Linear transformations

Let $\mathpzcb{X} = (\mathpzc{X} _1, \dots, \mathpzc{X} _n)$ be an $n$-dimensional random vector, $\bb{A}$ and $m \times n$ deterministic matrix, and $\bb{b}$ and $m$-dimensional deterministic vector. We define a random vector $\mathpzcb{Y} = \bb{A} \mathpzcb{X} + \bb{b} $ as the affine transformation of $\mathpzcb{X}$. Using linearity of the expectation operator, it is straightforward to show that

\[\begin{aligned} \bb{\mu} _\mathpzcb{Y} &=& \mathbb{E}(\bb{A} \mathpzcb{X} + \bb{b}) = \bb{A} \bb{\mu} _\mathpzcb{X} + \bb{b} \\ \bb{C} _\mathpzcb{Y} &=& \mathbb{E}(\bb{A} \mathpzcb{X} - \bb{A} \bb{\mu} _\mathpzcb{X} ) (\bb{A} \mathpzcb{X} - \bb{A} \bb{\mu} _\mathpzcb{X} )^\Tr = \bb{A} \bb{C} _\mathpzcb{X} \bb{A}^\Tr \\ \bb{C} _{\mathpzcb{X} \mathpzcb{Y}} &=& \mathbb{E}(\mathpzcb{X} - \bb{\mu} _\mathpzcb{X} ) (\bb{A} \mathpzcb{X} - \bb{A} \bb{\mu} _\mathpzcb{X} )^\Tr = \bb{C} _\mathpzcb{X} \bb{A}^\Tr.\end{aligned}\]

Estimation

Let $\mathpzcb{X}$ be a latent $n$-dimensional random vector, and let $\mathpzcb{Y}$ be a statistically related $m$-dimensional observation (measurement). For example $\mathpzcb{Y}$ can be a linearly transformed version of $\mathpzcb{X}$ corrupted by additive random noise, $\mathpzcb{Y} = \bb{A}\mathpzcb{X} + \mathpzcb{N}$. We might attempt using the information $\mathpzcb{Y}$ contains about $\mathpzcb{X}$ in order to estimate $\mathpzcb{X}$. For that purpose, let us construct a deterministic function $\bb{h} : \RR^m \rightarrow \RR^n$ that we are going to call an estimator. Supplying a realization $\mathpzcb{Y} = \bb{y}$ to this estimator will produce a deterministic vector $\hat{\bb{x}} = \bb{h}(\bb{y})$, which is referred to as the estimate of $\mathpzcb{X}$ given the measurement $\bb{y}$. With some abuse of notation, we will henceforth denote $\bb{h}(\bb{y})$ as $\hat{\bb{x}}(\bb{y})$. Note that supplying the random observation vector $\mathpzcb{Y}$ to $\hat{\bb{x}}$ produces the random vector $\hat{\mathpzcb{X}} = \hat{\bb{x}}(\mathpzcb{Y})$; here the deterministic function $\hat{\bb{x}}$ acts as a random variable transformation.
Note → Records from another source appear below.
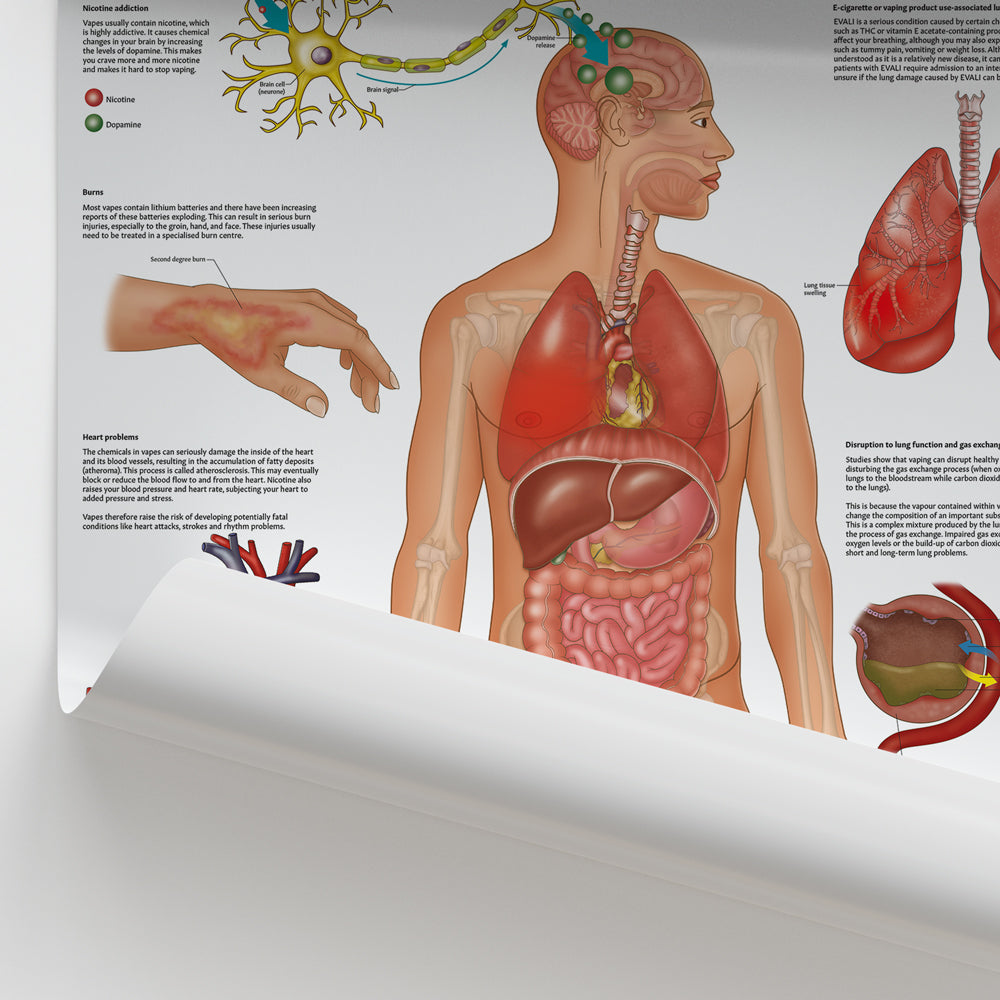 Vaping and the Body Poster | E-Cigarette Health Effects Chart AnatomyStuff Vaping and the Body Poster | E-Cigarette Health Effects Chart AnatomyStuff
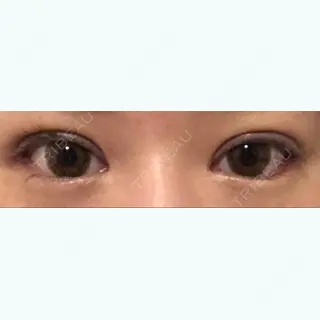 31日目の経過画像（1枚目）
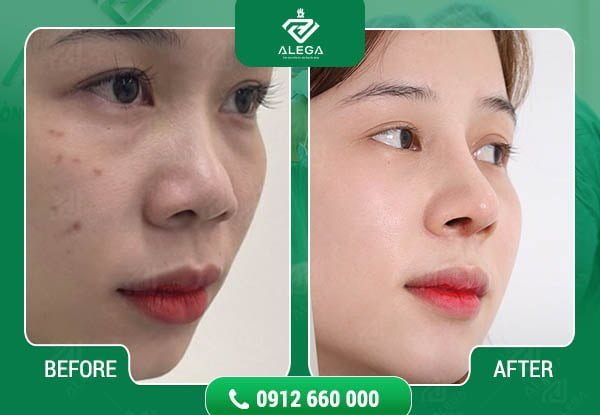Hình ảnh khách hàng khi nâng mũi tại Alega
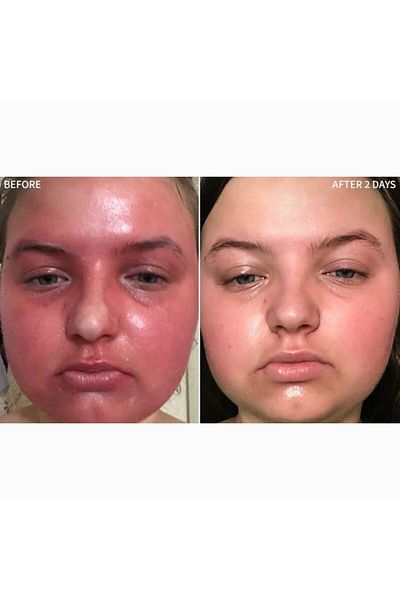 Beauty Box Premium Spf 25 Sun Protection - Anti-Chapped Cream, Skin Soothing, Vegan Moisturizer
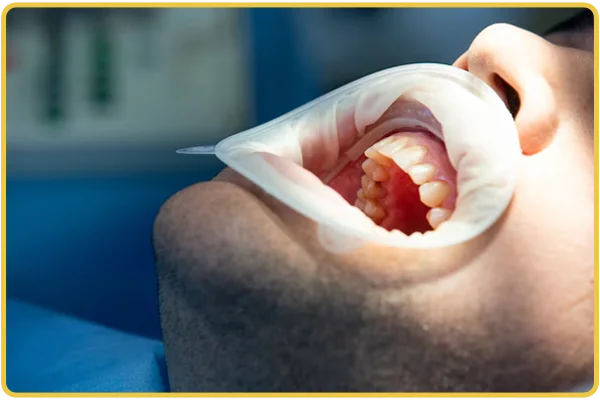 Gum Surgery
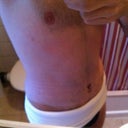 Post Op - Day 7 - One week down and swelling is improving.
Ideally, $\hat{\mathpzcb{X}}$ and $\mathpzcb{X}$ should coincide; however, unless the measurement is perfect, there will be a discrepancy $\mathpzcb{E} = \hat{\mathpzcb{X}} - \mathpzcb{X}$ which we will refer to as the error vector.

Maximum likelihood

For the sake of simplicity of exposition, let us focus on a very common estimation setting with a linear forward model and an additive statisticaly independent noise, i.e.,

\[\mathpzcb{Y} = \bb{A}\mathpzcb{X} + \mathpzcb{N},\]

where $\bb{A}$ is a deterministic $m \times n$ matrix and $\mathpzcb{N}$ is independent of $\mathpzcb{X}$. In this case, we can assert that the distribution of the measurement $\mathpzcb{Y}$ given the latent signal $\mathpzcb{X}$ is simply the distribution of $\mathpzcb{N}$ at $\mathpzcb{N} = \mathpzcb{Y}- \bb{A} \mathpzcb{X}$,

\[P _{\mathpzcb{Y} | \mathpzcb{X}}( \bb{y} | \bb{x} ) = P _{\mathpzcb{N}}( \bb{y} - \bb{A} \bb{x} ).\]

Assuming i.i.d. noise (i.e., that the $N _i$’s are distributed identically and independently of each other), the latter simplifies to a product of one-dimensional measures. Note that this is essentially a parametric family of distributions – each choice of $\bb{x}$ yields a distribution $P _{\mathpzcb{Y} | \mathpzcb{X} = \bb{x}}$ of $\mathpzcb{Y}$. For the time being, let us treat the notation $\mathpzcb{Y} | \mathpzcb{X}$ just as a funny way of writing.

Given an estimate $\hat{\bb{x}}$ of the true realization $\bb{x}$ of $\mathpzcb{X}$, we can measure its “quality” by measuring some distance $D$ from $P _{\mathpzcb{Y} | \mathpzcb{X}=\hat{\bb{x}}}$ to the true distribution $P _{\mathpzcb{Y} | \mathpzcb{X}=\bb{x}}$ that created $\mathpzcb{Y}$, and try to minimize it. Our estimator of $\bb{x}$ can therefore be written as

\[\hat{\bb{x}} = \mathrm{arg}\min _{\hat{\mathpzcb{X}}} D(P _{\mathpzcb{Y} | \mathpzcb{X}=\bb{x}} || P _{\mathpzcb{Y} | \mathpzcb{X}=\hat{\bb{x}}} ).\]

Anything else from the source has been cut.